An example of such an object in COAsT is the Gridded object, which allows for the storage and manipulation of e.g. NEMO output and domain data. It is important to understand how to load data using COAsT and the structure of the resulting objects.

A Gridded object is created and initialised by passing it the paths of the domain and data files. Ideally, the grid type should also be specified (T, U, V or F in the case of NEMO). For example, to load in data from a file containing data on a NEMO T-grid:

import coast

fn_data = "<path to T-grid data file(s)>"
fn_domain = "<path to domain file>"
fn_config = "<path to json config file>"
data = coast.Gridded(fn_data, fn_domain, fn_config)

Ideally, Gridded model output data should be in grid-specific files, i.e. containing output variables situated on a NEMO T, U, V or F grid, whereas the grid variables are in a single domain file. On loading into COAsT, only the grid specific variables appropriate for the paired data are placed into the Gridded object. A Gridded object therefore contains grid-specific data and all corresponding grid variables. One of the file names can be omitted (to get a data-only or grid only object), however functionality in this case will be limited.

Once loaded, data is stored inside the object using an xarray.dataset object. Following on from the previous code example, this can be viewed by calling:

data.dataset

This reveals all netcdf-type aspects of the data and domain variables that were loaded, including dimensions, coordinates, variables and attributes. For example:

<xarray.Dataset>
Dimensions:              (axis_nbounds: 2, t_dim: 7, x_dim: 297, y_dim: 375, z_dim: 51)

Coordinates:
    time                 (t_dim) datetime64[ns] 2007-01-01T11:58:56 ... 2007-01-31T11:58:56
    longitude            (y_dim, x_dim) float32 ...
    latitude             (y_dim, x_dim) float32 ...
Dimensions without coordinates: axis_nbounds, t_dim, x_dim, y_dim, z_dim

Data variables:
    deptht_bounds        (z_dim, axis_nbounds) float32 ...
    sossheig             (t_dim, y_dim, x_dim) float32 ...
    time_counter_bounds  (t_dim, axis_nbounds) datetime64[ns] ...
    time_instant         (t_dim) datetime64[ns] ...
    temperature          (t_dim, z_dim, y_dim, x_dim) float32 ...
    e1                   (y_dim, x_dim) float32 ...
    e2                   (y_dim, x_dim) float32 ...
    e3_0                 (z_dim, y_dim, x_dim) float32 1.0 1.0 1.0 ... 1.0 1.0

Variables may be obtained in a number of ways. For example, to get temperature data, the following are all equivalent:

temp = data.dataset.temperature
temp = data.dataset['temperature']
temp = data['temperature']

These commands will all return an xarray.dataarray object. Manipulation of this object can be done using xarray commands, for example indexing using [] or `xarray.isel``. Be aware that indexing will preserve lazy loading, however and direct access or modifying of the data will not. For this reason, if you require a subset of the data, it is best to index first.

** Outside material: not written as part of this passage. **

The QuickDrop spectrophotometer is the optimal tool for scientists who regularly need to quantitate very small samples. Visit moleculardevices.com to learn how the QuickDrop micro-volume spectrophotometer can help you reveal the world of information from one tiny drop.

The names of common grid variables are standardised within the COAsT package using JSON configuration files. For example, the following lists COAsT internal variable followed by the typical NEMO variable names:

1. longitude [glamt / glamu / glamv / glamf]
2. latitude [gphit / gphiu / gphiv / gphif]
3. time [time_counter]
4. e1 [e1t / e1u / e1v / e1f] (dx variable)
5. e2 [e1t / e1u / e1v / e1f] (dy variable)
6. e3_0 [e3t_0 / e3u_0 / e3v_0 / e3f_0] (dz variable at time 0)

Longitude, latitude and time are also set as coordinates. You might notice that dimensions are also standardised:

1. x_dim The dimension for the x-axis (longitude)
2. y_dim The dimension for the y-axis (latitude)
3. t_dim The dimension for the time axis
4. z_dim The dimension for the depth axis.

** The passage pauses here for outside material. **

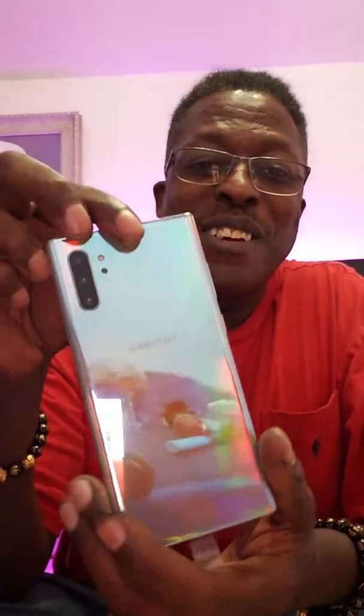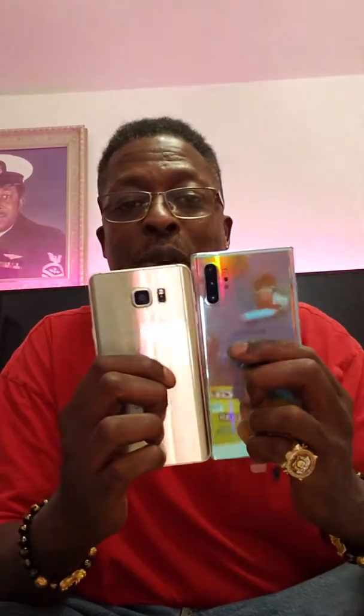Y'all see the box — Note 10. It's probably just the normal stuff in here, but I got the Note 10 Plus glow. Y'all see the glow? Y'all see how big it is? Nice and big. Compared to the Note 5, they've come a long way.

Wherever possible, the aim is to ensure that all of the above is consistent across the whole COAsT toolbox. Therefore, you will also find the same names and dimensions in, for example observation objects. Future objects, where applicable, will also follow these conventions. If you (as a contributor) add new objects to the toolbox, following the above template is strongly encouraged. This includes using xarray dataset/dataarray objects where possible, adopting an object oriented approach and adhering to naming conventions.